When compared with the very intense life of the Shrine, in welcoming millions of Catholic pilgrims to so many thousands of annual celebrations, the presence of Protestants, Orthodox and non‑Christians represents very little, to the point of passing practically unnoticed.

That's why it never caused any problems until October of 2003. And it has always been seen by us as a manifestation of appreciation towards the Shrine and even as a sign of the universality of the grace which God here promises to us, through the intercession of the Angel and of Our Lady. We do not know the true effect on the people who have visited us. But we don’t think that we have become less Catholic because of their presence among us. We are really conscious that we are a shrine of the Catholic Church!

2.  The Present

Trying to match the message of Fatima, both in the apparitions of the Angel and those of Our Lady, with the preoccupations of the Church in our days, the Shrine held a theological congress in 2001 on the Redemption, under its sacrificial aspect, and another congress in 2003 on the experience of God in shrines. The first one was restricted to the Christian aspect, following the spirit of the Decree Unitatis Redintegratio.
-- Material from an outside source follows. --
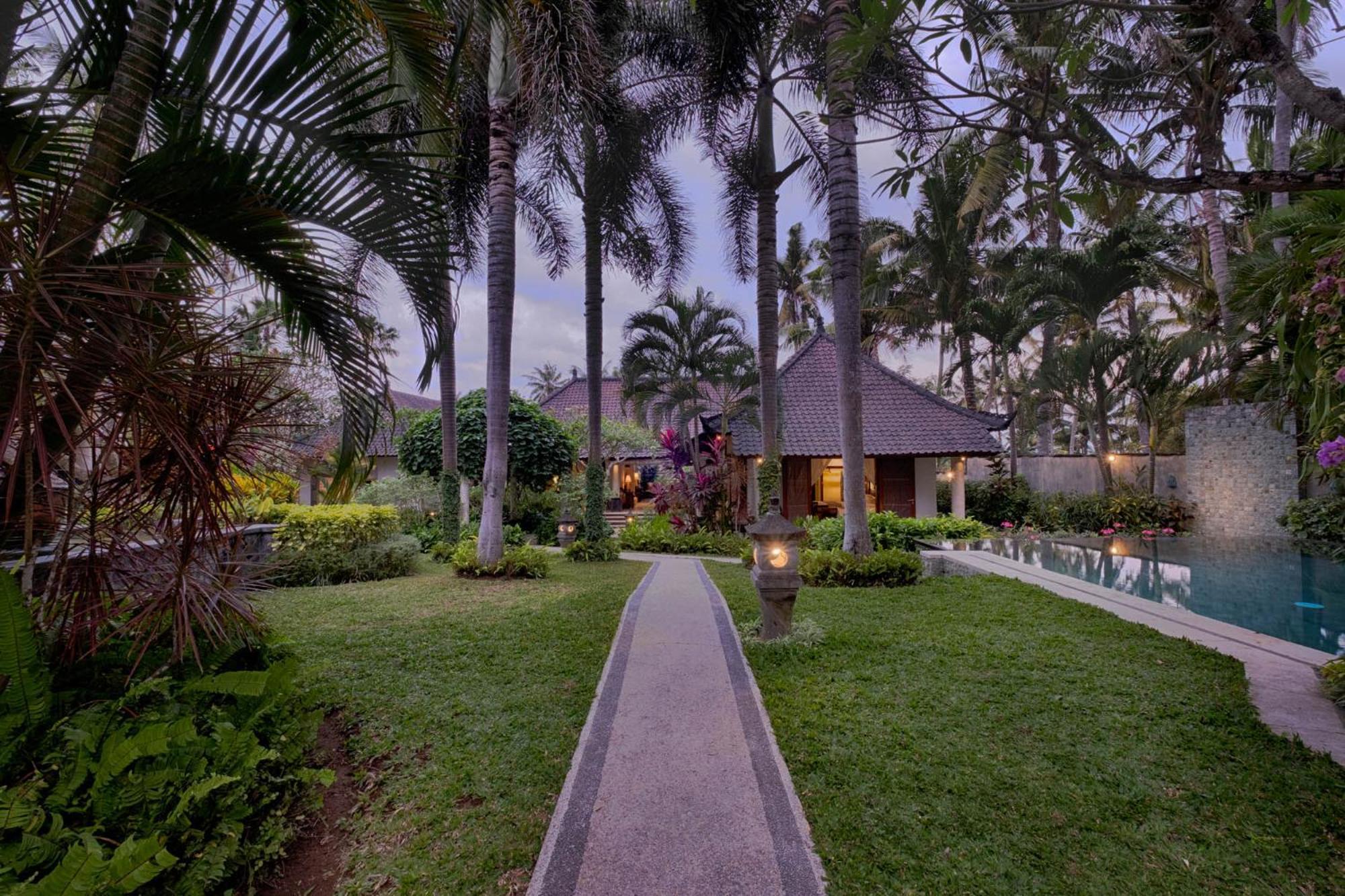 Kutus Kutus Saba Beach Villa ジョグジャカルタ エクステリア 写真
To the second, whose purpose was to have a dialogue on the common religious background of the human being, which manifests itself clearly in shrines, speakers of the various religions mentioned in the Counciliar Declaration Nostra Aetate were invited.

The scientific responsibility of these congresses, as it has happened with others in the past, fell on the School of Theology of the Portuguese Catholic University.
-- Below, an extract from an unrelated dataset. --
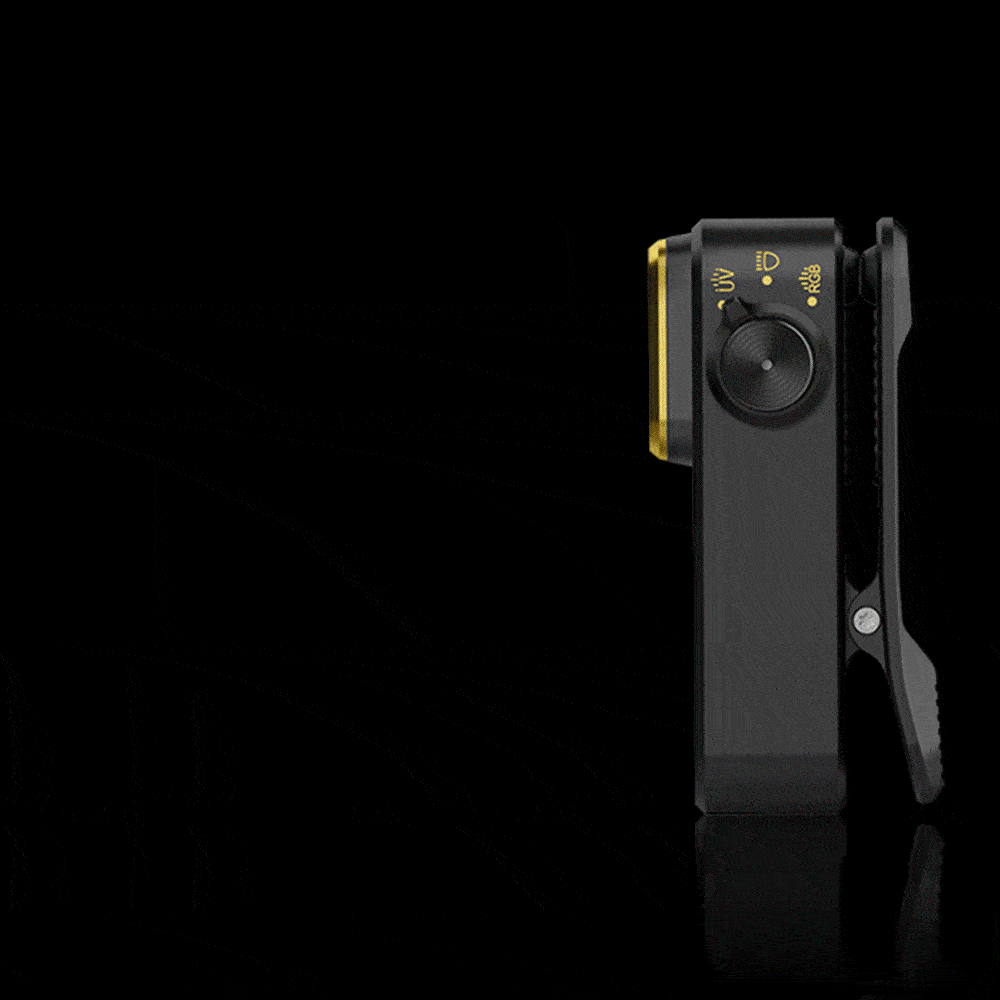 Olight Oclip Pro noire avec lumière UV, latérale, pour inspection et usages variés.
Right at the start of the congress of 2003, we were surprised to see several French‑speaking youths, connected with the Confraternity of St. Pius X, who, by means of leaflets handed out in the streets, contested vehemently the "ecumenical" character of the congress, as being contrary to the will of Our Lady. These youths even rudely confronted the Cardinal Patriarch of Lisbon, who was one of the speakers.

Some time later was the turn of another group, headquartered in Canada, which publishes the magazine "The Fatima Crusader",[8] which comes out every four months. For years this group has insisted with the Holy Father that he take some measures which they think necessary for the implementation of the message of Fatima regarding peace in the world. In the book titled "Devil's Final Battle",[9] after “formally accusing” Cardinals Angelo Sodano, Joseph Ratzinger, Dario Castrillon Hoyos and Archbishop Tarcisio Bertone, now also a Cardinal, it ends asking "insistently" the Holy Father for "the destitution of the accused from the posts they occupy and their substitution by Prelates who would be willing to work with the Holy Father – honouring the appeals of the Virgin of Fatima – instead of trying to conform the message of Fatima, received from Heaven, with fallible human decisions, thence giving birth to a damaging new orientation of the Church"(p. 273).
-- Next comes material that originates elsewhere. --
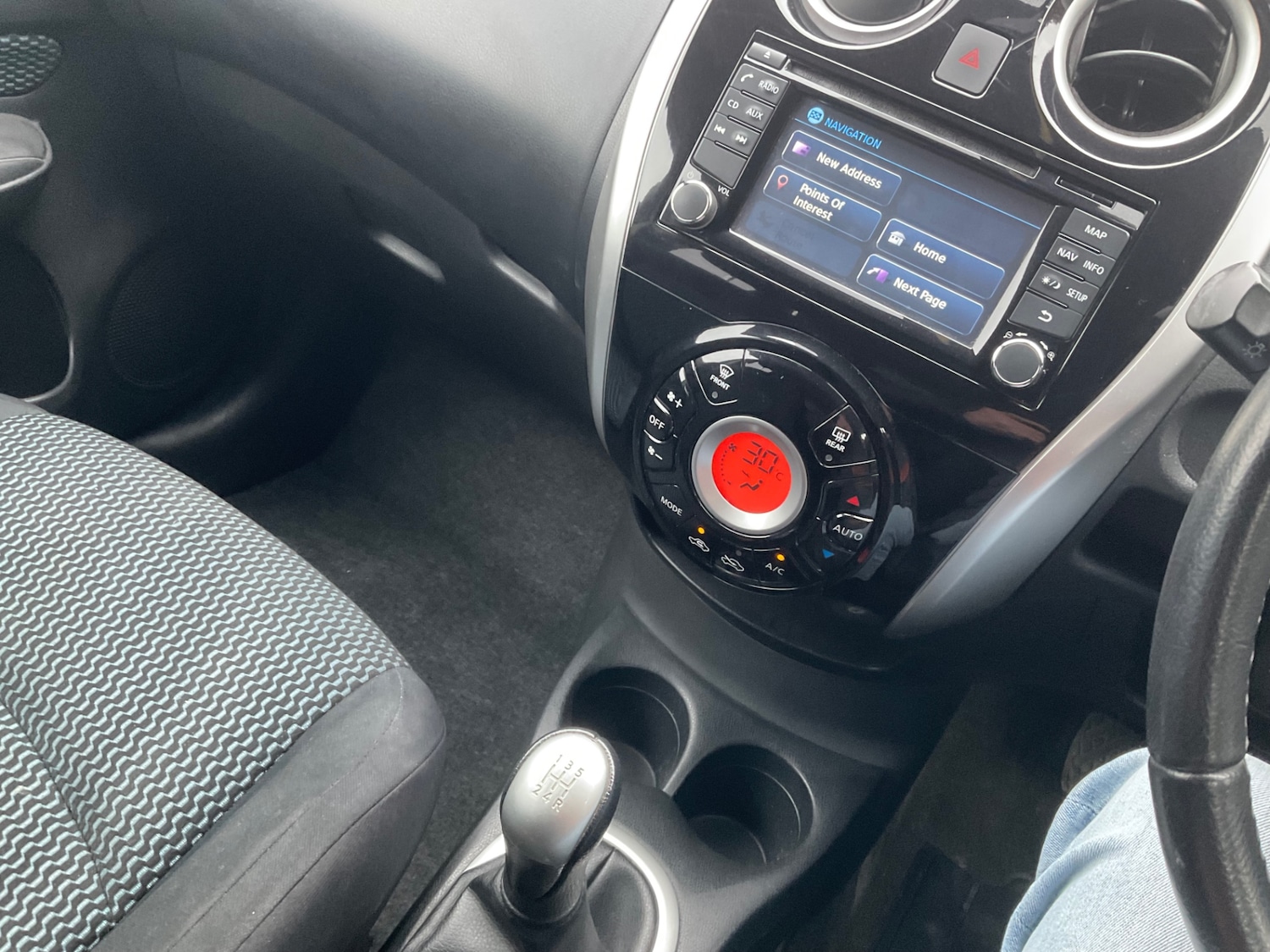 Used Nissan Note 2015 for sale - 76276997: Photo 11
With these precedents it is no wonder that the congress of October 2003 presented them with an opportunity to open a second battle front, this time against those in charge of the Shrine of Fatima, due to its topic, and with the pretext of some declarations which were calumniously attributed to me by a Portuguese newspaper published in English. 

After the Rectorate, in a published communiqué, informed the public about the true facts, another event inflamed the spirits of the new "crusaders" of Fatima. A group representing the Hindu community of Portugal asked the Shrine to be able to "accompany a team of journalists, who had the idea of reconstituting the visit made by Mr. Morari Bapu", a high personality of Hinduism, in 1982. According to the request "these (journalists) pretend to record that testimony of the phenomenon represented by the belief in Fatima, which goes beyond all borders... including the inter‑confessional ones". The delegation would be made up of "30 to 40 adults and children, pilgrims and believers in Our Lady of Fatima". Certainly because of the benevolent and devout words used in the request, perhaps also because the visit was requested already for only a week later, perhaps because the intention was to reconstitute an earlier visit which had not raised any problems, and despite the fact that a "priest" was announced to accompany the group, the Rectorate didn't deem necessary to have a direct intervention in the matter. In the meantime the Rectorate was informed by the Lodging Department that the group hoped to be received by the Rector in the Rectory.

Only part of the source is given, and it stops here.